Que conto delicioso! Você podia ter participado do "Execicio Criativo" ( se interessar eu conto os detalhes) O tema da ultima quinzena foi um conto que lembrasse algum conto classico da literatura. Olhe, amigo, não teve nenhum conto tão bom como o seu. E olhe que a turma lá não é brincadeira! Parabens! Em tempo: Você não gostaria de participar conosco?
Estou ouvindo o jogo do São Paulo. Vê se torce direito para o nosso time endireitar.
Está omeçando o 2o. tempo. Tchau!

Rosamaria disse...

hahaha
Amei teu conto, JF! Muito criativo!
Bom domingo!
Bjim.

DILERMArtins disse...

Mas bah, JF
Muito criativo, parabéns.
Concordo com você prefico finais interrompidos do que finais felizes...

Maria Helena disse...

JF
É bom demaiiiisss os seus "causos",
inteligente, perspicaz, lúdico. É muito bom passar por aqui.
Abraços.

Blog do Beagle disse...

kakakakakakaka só você mesmo! kakakakakak como é que posso pensar noutra explicação para aquele sapato a boiar na enxurrada????? Bjssss Elza

Adenium - Rosa do Deserto disse...

Meu amigo JF, quando vc começou a escrever e falar no sapato na enxurrada, meus pensamentos viajaram e pensei que depois do sapato viesse um corpo. Menos trágico! A maneira como escreve é agradável, dá gosto ouvi-lo. Digo ouvi-lo porque é como se eu estivesse aí, pertinho, sentado a sua frente escutando e dando aquela risada. Parabéns! Abs, Vera

Luma Rosa disse...

Ah, poxa! Achei que neste história de Cinderelo, também teria final feliz!!

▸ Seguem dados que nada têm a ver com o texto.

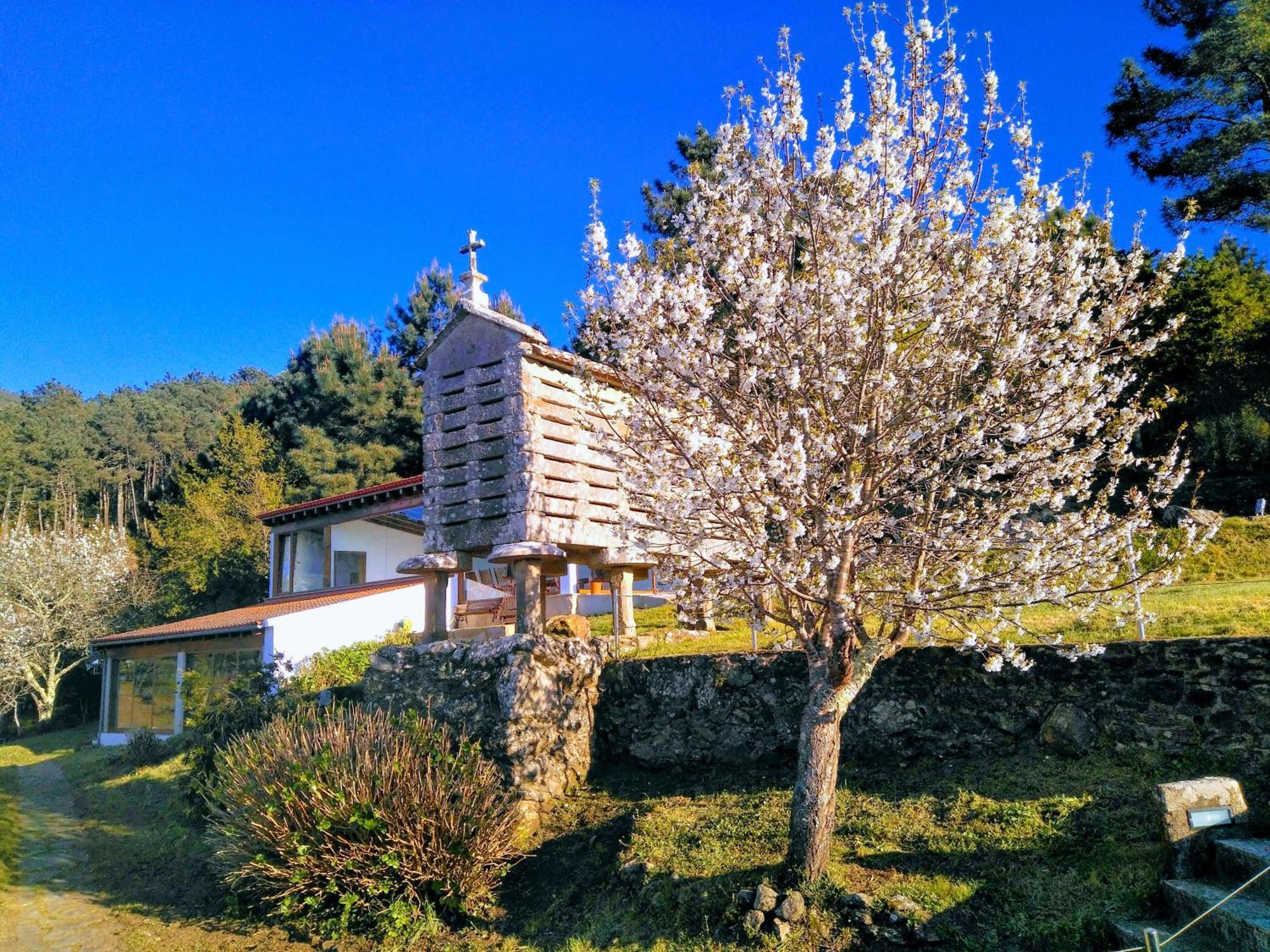 Casa Do Fieiro Guest House Minortos Exterior photo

Olhar enxurrada nos dias atuais não é igual ao passado quando fazíamos barquinhos :(

Beijus,

Claudinha ੴ disse...

Meu Deus, ops, meugod! Só mesmo o meu amigo JF para ter esta imaginação para um fato que normalmente estressa quem o vive!
Tenho visto as notícias e pensado nas vítimas destas enchentes. Que coisa gente! Muito triste! Mas você é sábio, achou logo um cinderelo brasileiro, o final também é bem brasileiro! Adorei!
A minha teoria para o sapato?
Ah, ele pertence a algum político que preferiu socorrer o dinheiro das meias e a perder um pé de sapato... (Mas acho a sua explicação muito mais legal!)
Beijão!

Luciana L V Farias disse...

Por essas e outras que eu adorava quando você me contava essas historinhas, quando pequena...

Unknown disse...

Sapato não é nada! E um amigo meu que ficou preso no meio da água (o carro literalmente afogou!) e foi ultrapassado por um sofá? Isso, um sofá! Só em SP mesmo! rsrsrs
Obrigada por passar lá no blog! :D

Anônimo disse...

Caro JF, adorei o conto, leve, inteligente e sagaz. Dá gosto ler. Andei lendo outros posts e já deu pra notar que criatividade é com você mesmo. Parabéns! Estou a-do-ran-do. Quanto ao final, depois que li o que você escreveu, não consigo mais pensar em nada. Tem que ser assim mesmo!
Obrigada pela visita no meu blog, volte mais vezes, conto com seus comentários. Tenha a certeza que estarei por aqui, serei sua seguidora. Um beijo grande.

maith disse...

Oi! Você sumiu! Passo rapidamente só para lembrar que daqui a pouco tem jogo e nós precisamos torcer pelo nosso time que anda muito ruinzinho. Um beijo pra Nina e pra Lu e pras netas!